The Japanese yen slid to 162.19 per dollar early Tuesday, its weakest level against the U.S. currency since 1986, and Finance Minister Satsuki Katayama said Tokyo was prepared to take decisive action to counter excessive moves.
The four-decade low puts Japan back in the position it has occupied for much of the past two years: defending a currency the market keeps pushing lower while the interest-rate gap with the United States continues to favor the dollar. It also lands as Tokyo prepares to raise visa fees as much as fivefold on July 1, the first such increase since 1978, in a policy the government has tied directly to exchange-rate moves.
What shifted
The yen's drop to 162.19, recorded at 1:27 a.m. Eastern time according to LSEG data, broke through the cycle lows that drew Tokyo into the market last spring. Between April and May, Japan deployed more than 11.7 trillion yen, or about $72.8 billion, in reserves to support the currency, briefly lifting it from 160.39 to 156.6 on April 30 before the slide resumed.
Katayama's warning Tuesday went further than recent statements. "That includes taking decisive action, as confirmed between Japan and the U.S.," she said. Chief Cabinet Secretary Minoru Kihara told reporters the government would work to build an economy less vulnerable to currency swings while staying ready to intervene, and declined to comment on the yen's level.
The Bank of Japan has also tightened. Policymakers recently lifted the benchmark rate to 1 percent, the highest in more than three decades and the first increase since December's move to 0.75 percent. The central bank cited inflation pressure stoked in part by the energy-price spike during the Iran conflict.
On the curve
The sell-off rippled into Japanese government bonds. The 40-year yield rose 7 basis points to 3.779 percent and the 30-year yield gained nearly 8 basis points to 3.914 percent, extending a months-long climb at the super-long end of the curve.
Nomura's North Asia chief investment officer, Julia Wang, said the new cycle low raises the odds of official action even though intervention is not formally tied to any specific level. "Intervention shouldn't be dependent on a certain level.
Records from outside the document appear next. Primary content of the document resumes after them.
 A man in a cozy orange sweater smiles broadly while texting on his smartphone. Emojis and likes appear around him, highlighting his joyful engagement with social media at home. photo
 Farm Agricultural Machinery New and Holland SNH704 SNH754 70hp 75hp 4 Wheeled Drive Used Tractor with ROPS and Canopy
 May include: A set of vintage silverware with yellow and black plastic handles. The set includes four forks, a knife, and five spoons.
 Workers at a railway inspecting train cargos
It depends on the nature of the currency move, the nature of dollar-yen... This is a cycle high; it's a new cycle high. It probably is a sensitive level, it will re-ignite some of the anxiety around currency weakness domestically," Wang said.
She added that the broader outlook remains weak because wide interest-rate and real-yield differentials continue to favor carry trades, in which investors borrow cheaply in yen and park the proceeds in higher-yielding assets abroad.
At the border
From July 1, the application fee for a single-entry visa will rise to 15,000 yen, or about $93, from 3,000 yen, and multiple-entry visas will cost 30,000 yen, up from 6,000 yen. The departure tax for all travelers will triple to 3,000 yen from 1,000 yen. Tokyo said the changes were needed "in order to respond to the current price increases and fluctuations in exchange rates."
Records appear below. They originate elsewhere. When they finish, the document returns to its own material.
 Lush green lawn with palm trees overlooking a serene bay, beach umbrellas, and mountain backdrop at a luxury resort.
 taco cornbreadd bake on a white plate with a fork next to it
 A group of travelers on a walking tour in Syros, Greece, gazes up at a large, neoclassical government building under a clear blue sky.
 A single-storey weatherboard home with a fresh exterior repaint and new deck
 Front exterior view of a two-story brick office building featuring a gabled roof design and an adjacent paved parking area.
The weak yen has helped drive record tourism, with arrivals reaching 36.8 million in 2024 and 42.6 million in 2025. Foreign travelers now account for 74 percent of departures from Japan, compared with 20 percent to 30 percent before the Abenomics program began in 2013, said Yuki Masujima, chief economist at Deloitte Tohmatsu Group.
Counterpoint
Wang argued any Tokyo response is likely to prove brief. "I don't think it will be a material factor that derails the market," she said, adding that intervention would be unlikely to change the longer-term direction of the currency. Today's dossier draws on center-tier wire reporting only; partisan domestic Japanese commentary and U.S. Treasury reaction were not represented in the source set, and Washington had not publicly responded to Katayama's invocation of a coordinated stance by press time.
Katayama and her counterparts at the Bank of Japan have given no timetable for action. The next test is whether the yen holds near 162 into the Tokyo open Wednesday or forces Tokyo's hand before the visa and departure-tax changes take effect July 1.